__Problem__: Write out an exact copy of the line containing "black pole with solid Aged Solid Brass shade" and all lines that follow it in the data below, leaving out pictures.

__Supplied material__:
________________________

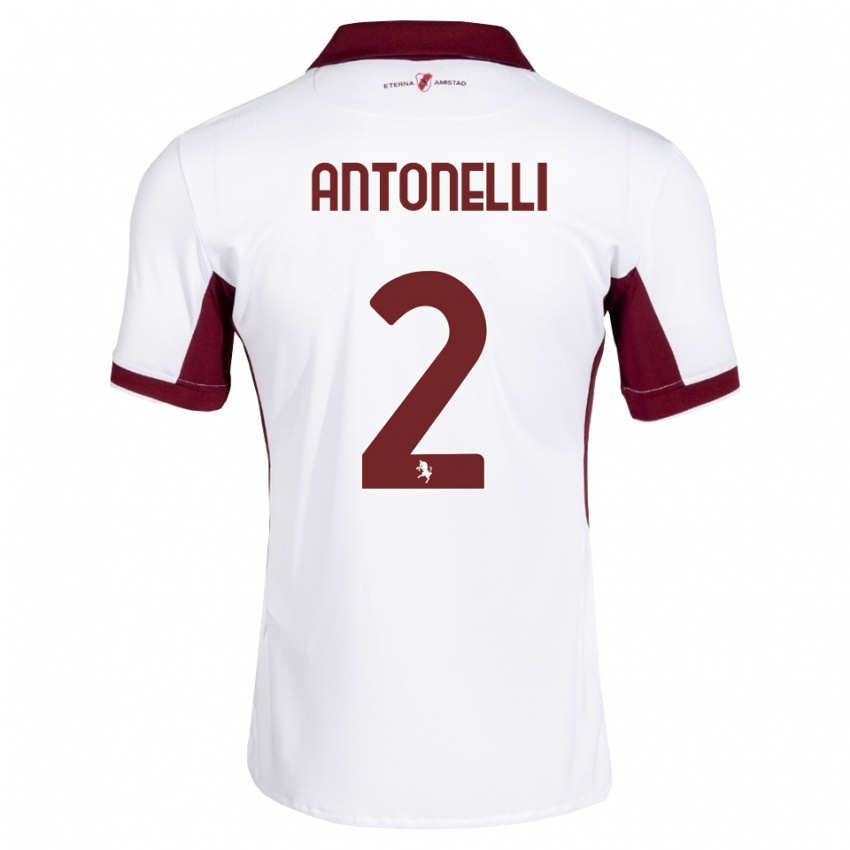נשים Moise Antonelli #2 בורדו לבן אדום הרחק ג'רזי 2026/27 חולצה קצרה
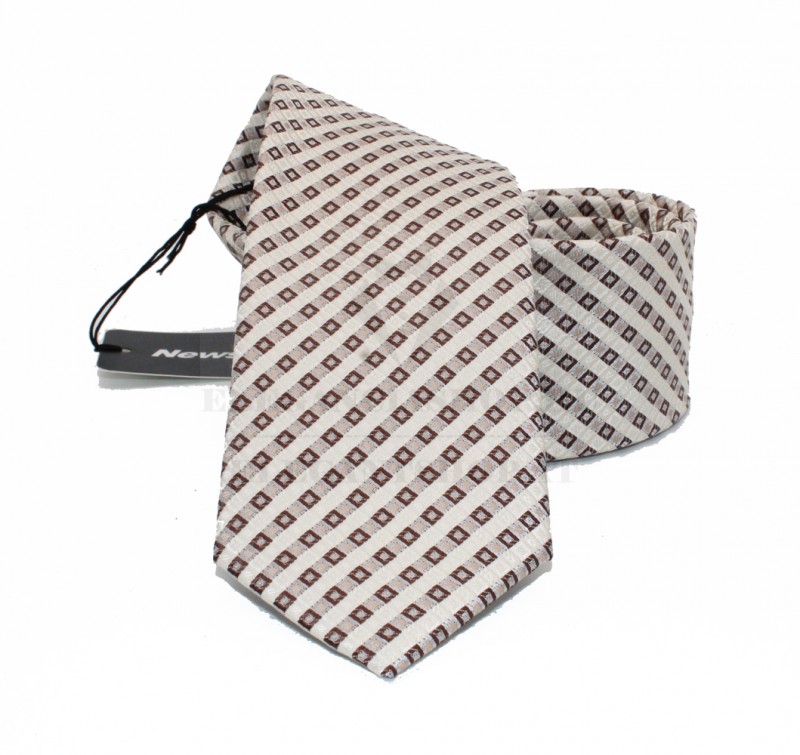 NM normál nyakkendő - Drapp-barna kockás NM normál nyakkendő - Drapp-barna kockás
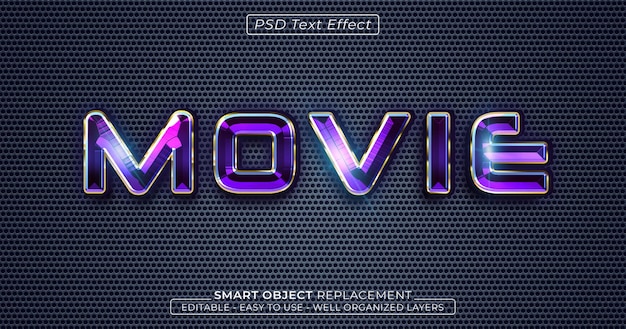 Logo Filmu Błyszczący Edytowalny Efekt Tekstowy W Stylu 3d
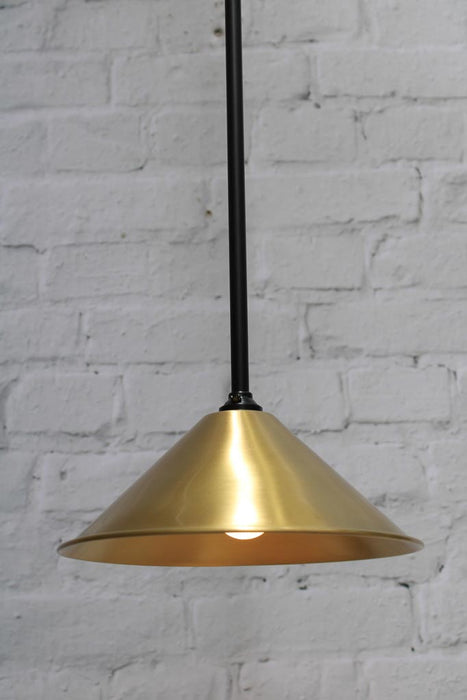 black pole with solid Aged Solid Brass shade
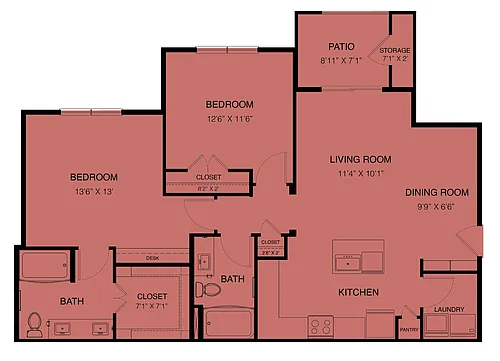 Floor plan B2-Kerr 80% (Income Restrictions Apply)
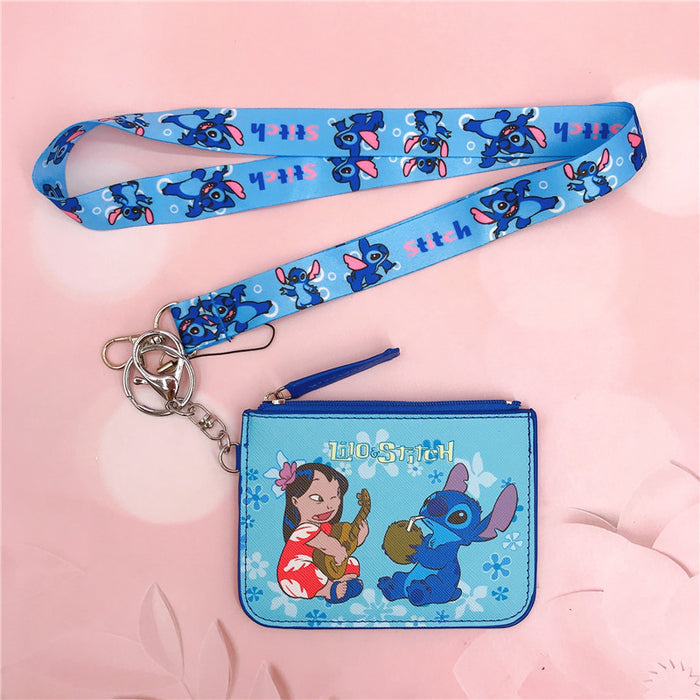 Wholesale PU Card Holder Coin Purse with Keychain Lanyard JDC-KC-YaLL001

________________________

__Answer box__:
 black pole with solid Aged Solid Brass shade
 Floor plan B2-Kerr 80% (Income Restrictions Apply)
 Wholesale PU Card Holder Coin Purse with Keychain Lanyard JDC-KC-YaLL001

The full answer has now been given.